We are also supposed to believe that slaves born in the United States -- of parents and grandparents who were born in the U.S. or the American colonies -- had vast knowledge of African symbolism. When most slaves started to escape, starting in the 1830s, the overwhelming majority of Southern slaves were American-born, as were their parents and grandparents. All the colonies stopped importing slaves at the beginning of the Revolution. After the Revolution about 60,000 to 70,000 slaves were legally imported between 1803 and 1808, and perhaps another 10,000 or so illegally imported after that. But this was a tiny drop in the bucket of the millions of slaves living in the U.S. from 1830 to 1860. 

Furthermore, the slaves brought in during the Colonial period (before 1775) and between 1803 and 1808 came from all over Africa. Some were from the West Coast, some from East Africa and many from Central Africa. They spoke scores of different languages, practiced many different religions and had many, many different cultures. There were no "African symbols" that all of them shared. 

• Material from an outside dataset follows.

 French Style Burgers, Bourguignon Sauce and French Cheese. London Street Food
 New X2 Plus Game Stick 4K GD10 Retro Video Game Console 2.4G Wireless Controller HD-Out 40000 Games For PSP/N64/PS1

Finally if we are to believe this myth, we must assume a number of other things, most of which are nonsensical. 

First, we are supposed to believe that enslaved African Americans had the time to make elaborate, specific quilts, and also that they had the materials including the various colored cloth to make them. Then we must believe that once they made these quilts, they did not use them for warmth and comfort, but hung them outside for the occasional fugitive to see. 

Second, we are supposed to believe that these slaves, most of whom were illiterate, had no access to maps and had rarely traveled more than a few miles from their homes, possessed very specific knowledge of terrain, rivers and roads that would be useful to a slave who was from somewhere else, who was running past their home. 

Third, we are supposed to believe that only slaves (and sometimes sympathetic whites) knew about these symbols on the quilts, and that slave owners, local sheriffs and professional slave catchers had no knowledge of these quilts or what they meant.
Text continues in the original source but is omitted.